Work instructions
With the records below as your source, retype each line exactly from the top down to the line that contains "An 18ct yellow", and include that line.

*** Input data ***

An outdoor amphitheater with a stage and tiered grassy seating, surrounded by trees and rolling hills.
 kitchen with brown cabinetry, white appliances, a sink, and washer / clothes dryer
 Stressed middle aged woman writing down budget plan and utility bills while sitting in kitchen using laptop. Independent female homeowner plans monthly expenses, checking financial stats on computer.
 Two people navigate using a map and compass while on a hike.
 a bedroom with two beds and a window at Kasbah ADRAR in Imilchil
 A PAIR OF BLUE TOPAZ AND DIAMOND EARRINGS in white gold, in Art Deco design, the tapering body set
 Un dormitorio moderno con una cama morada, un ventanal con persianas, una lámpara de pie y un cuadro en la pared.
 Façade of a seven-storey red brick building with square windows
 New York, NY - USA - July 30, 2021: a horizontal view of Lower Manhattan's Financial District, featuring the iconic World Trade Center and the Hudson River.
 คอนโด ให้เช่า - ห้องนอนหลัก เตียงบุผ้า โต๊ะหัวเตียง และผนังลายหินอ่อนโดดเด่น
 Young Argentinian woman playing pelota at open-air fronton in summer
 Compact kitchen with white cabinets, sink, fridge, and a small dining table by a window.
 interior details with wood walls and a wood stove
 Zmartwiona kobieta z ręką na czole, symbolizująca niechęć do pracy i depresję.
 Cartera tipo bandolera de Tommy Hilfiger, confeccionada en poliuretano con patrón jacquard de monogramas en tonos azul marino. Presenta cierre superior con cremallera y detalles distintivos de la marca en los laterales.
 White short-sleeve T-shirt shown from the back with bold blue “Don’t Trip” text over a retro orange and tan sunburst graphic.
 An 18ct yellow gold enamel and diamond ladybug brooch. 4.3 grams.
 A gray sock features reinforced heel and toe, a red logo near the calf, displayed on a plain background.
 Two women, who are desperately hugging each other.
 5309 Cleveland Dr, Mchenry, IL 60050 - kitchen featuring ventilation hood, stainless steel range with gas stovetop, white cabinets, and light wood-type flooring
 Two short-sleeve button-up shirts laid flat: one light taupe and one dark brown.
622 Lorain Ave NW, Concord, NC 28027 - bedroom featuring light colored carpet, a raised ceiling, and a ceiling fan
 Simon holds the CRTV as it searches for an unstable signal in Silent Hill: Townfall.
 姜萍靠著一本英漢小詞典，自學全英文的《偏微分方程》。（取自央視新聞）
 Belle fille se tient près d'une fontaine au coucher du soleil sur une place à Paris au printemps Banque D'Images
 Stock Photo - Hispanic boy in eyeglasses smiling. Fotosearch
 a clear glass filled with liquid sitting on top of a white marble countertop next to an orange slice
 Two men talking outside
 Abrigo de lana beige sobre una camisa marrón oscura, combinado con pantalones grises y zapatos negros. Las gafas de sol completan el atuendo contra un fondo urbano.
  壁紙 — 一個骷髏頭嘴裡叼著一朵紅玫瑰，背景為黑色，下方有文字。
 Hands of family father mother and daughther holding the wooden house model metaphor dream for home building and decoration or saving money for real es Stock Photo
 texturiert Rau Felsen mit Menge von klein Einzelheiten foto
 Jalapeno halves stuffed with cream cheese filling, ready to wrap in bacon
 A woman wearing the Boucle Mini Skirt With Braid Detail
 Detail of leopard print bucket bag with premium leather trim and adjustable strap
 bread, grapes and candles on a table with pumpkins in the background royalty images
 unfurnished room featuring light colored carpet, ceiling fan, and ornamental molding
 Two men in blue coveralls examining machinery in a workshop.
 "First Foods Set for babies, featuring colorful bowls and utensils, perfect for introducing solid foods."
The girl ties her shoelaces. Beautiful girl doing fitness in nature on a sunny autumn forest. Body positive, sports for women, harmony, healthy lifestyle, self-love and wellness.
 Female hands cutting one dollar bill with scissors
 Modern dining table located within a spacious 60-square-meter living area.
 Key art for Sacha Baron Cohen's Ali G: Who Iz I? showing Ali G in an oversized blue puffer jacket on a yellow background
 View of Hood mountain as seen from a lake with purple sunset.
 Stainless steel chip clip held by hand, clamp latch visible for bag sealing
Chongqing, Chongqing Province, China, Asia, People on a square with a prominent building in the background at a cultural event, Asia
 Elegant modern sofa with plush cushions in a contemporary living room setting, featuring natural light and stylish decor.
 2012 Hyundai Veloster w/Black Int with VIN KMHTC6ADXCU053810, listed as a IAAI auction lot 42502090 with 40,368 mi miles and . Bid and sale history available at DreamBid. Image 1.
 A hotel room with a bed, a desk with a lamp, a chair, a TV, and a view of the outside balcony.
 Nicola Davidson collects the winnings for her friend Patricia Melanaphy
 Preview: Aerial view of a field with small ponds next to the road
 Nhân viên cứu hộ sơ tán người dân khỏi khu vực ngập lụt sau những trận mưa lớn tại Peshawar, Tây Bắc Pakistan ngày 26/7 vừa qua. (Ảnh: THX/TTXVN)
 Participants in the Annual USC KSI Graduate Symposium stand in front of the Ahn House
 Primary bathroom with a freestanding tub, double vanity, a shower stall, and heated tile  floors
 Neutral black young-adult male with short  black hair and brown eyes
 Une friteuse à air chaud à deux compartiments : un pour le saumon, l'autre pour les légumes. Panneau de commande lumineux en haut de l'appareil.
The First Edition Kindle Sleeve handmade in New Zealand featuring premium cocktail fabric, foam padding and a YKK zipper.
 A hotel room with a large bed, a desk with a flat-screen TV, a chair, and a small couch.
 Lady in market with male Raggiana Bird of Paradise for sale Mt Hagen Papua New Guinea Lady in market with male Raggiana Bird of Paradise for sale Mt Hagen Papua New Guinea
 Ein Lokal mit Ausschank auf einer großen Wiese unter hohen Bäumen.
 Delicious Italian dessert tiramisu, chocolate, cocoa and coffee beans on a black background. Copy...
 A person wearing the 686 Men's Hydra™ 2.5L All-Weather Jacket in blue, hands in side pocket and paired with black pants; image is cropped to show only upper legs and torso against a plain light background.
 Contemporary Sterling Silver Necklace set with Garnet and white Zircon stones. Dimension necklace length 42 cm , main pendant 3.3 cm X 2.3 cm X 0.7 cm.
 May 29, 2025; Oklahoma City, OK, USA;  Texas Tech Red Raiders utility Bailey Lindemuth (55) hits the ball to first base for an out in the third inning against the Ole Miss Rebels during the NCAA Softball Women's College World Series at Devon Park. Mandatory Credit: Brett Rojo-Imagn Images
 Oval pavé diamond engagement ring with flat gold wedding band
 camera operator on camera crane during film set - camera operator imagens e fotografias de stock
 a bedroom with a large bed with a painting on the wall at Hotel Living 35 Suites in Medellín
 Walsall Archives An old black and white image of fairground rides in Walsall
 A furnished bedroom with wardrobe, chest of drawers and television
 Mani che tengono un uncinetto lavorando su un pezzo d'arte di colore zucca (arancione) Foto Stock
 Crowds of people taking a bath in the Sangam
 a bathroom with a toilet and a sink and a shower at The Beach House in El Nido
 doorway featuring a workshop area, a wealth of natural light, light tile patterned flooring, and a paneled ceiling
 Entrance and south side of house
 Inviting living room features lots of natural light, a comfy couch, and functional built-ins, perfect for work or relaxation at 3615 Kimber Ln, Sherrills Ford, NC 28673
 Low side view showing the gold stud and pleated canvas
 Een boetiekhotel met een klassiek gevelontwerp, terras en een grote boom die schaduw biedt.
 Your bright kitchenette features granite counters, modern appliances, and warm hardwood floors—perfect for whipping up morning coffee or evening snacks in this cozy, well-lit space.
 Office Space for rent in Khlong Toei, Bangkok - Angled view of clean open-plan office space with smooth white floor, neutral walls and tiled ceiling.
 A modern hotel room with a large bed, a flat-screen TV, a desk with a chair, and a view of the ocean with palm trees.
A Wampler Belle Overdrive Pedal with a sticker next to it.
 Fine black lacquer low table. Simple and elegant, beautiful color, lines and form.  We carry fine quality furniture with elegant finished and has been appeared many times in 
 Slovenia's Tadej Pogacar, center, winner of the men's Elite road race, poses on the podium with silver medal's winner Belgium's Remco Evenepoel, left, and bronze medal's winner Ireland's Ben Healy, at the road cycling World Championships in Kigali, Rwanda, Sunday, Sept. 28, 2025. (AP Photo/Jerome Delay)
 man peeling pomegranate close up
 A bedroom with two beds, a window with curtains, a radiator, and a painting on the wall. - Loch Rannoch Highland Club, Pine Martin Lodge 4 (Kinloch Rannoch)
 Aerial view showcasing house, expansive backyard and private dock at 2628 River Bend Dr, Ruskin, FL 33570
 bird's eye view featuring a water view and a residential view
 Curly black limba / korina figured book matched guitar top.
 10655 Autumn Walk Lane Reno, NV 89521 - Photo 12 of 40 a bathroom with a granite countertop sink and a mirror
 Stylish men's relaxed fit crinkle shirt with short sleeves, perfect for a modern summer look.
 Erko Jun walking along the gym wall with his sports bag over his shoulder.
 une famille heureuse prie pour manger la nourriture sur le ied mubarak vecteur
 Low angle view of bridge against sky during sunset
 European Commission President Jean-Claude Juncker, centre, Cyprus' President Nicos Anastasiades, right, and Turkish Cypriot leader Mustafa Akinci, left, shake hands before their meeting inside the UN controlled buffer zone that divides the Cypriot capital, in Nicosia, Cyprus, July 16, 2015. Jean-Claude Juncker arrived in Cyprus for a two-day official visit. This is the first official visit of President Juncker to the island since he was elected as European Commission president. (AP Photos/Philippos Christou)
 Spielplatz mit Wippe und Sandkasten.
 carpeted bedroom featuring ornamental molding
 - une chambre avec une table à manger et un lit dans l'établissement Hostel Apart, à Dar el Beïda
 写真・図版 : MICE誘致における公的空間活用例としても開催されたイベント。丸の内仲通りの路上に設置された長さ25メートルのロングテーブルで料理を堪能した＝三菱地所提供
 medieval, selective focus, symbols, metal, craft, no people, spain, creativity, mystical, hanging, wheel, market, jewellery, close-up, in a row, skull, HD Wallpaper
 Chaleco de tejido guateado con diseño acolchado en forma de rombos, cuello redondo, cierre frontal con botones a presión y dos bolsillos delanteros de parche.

*** End of Input data ***

Your solution
An outdoor amphitheater with a stage and tiered grassy seating, surrounded by trees and rolling hills.
 kitchen with brown cabinetry, white appliances, a sink, and washer / clothes dryer
 Stressed middle aged woman writing down budget plan and utility bills while sitting in kitchen using laptop. Independent female homeowner plans monthly expenses, checking financial stats on computer.
 Two people navigate using a map and compass while on a hike.
 a bedroom with two beds and a window at Kasbah ADRAR in Imilchil
 A PAIR OF BLUE TOPAZ AND DIAMOND EARRINGS in white gold, in Art Deco design, the tapering body set
 Un dormitorio moderno con una cama morada, un ventanal con persianas, una lámpara de pie y un cuadro en la pared.
 Façade of a seven-storey red brick building with square windows
 New York, NY - USA - July 30, 2021: a horizontal view of Lower Manhattan's Financial District, featuring the iconic World Trade Center and the Hudson River.
 คอนโด ให้เช่า - ห้องนอนหลัก เตียงบุผ้า โต๊ะหัวเตียง และผนังลายหินอ่อนโดดเด่น
 Young Argentinian woman playing pelota at open-air fronton in summer
 Compact kitchen with white cabinets, sink, fridge, and a small dining table by a window.
 interior details with wood walls and a wood stove
 Zmartwiona kobieta z ręką na czole, symbolizująca niechęć do pracy i depresję.
 Cartera tipo bandolera de Tommy Hilfiger, confeccionada en poliuretano con patrón jacquard de monogramas en tonos azul marino. Presenta cierre superior con cremallera y detalles distintivos de la marca en los laterales.
 White short-sleeve T-shirt shown from the back with bold blue “Don’t Trip” text over a retro orange and tan sunburst graphic.
 An 18ct yellow gold enamel and diamond ladybug brooch. 4.3 grams.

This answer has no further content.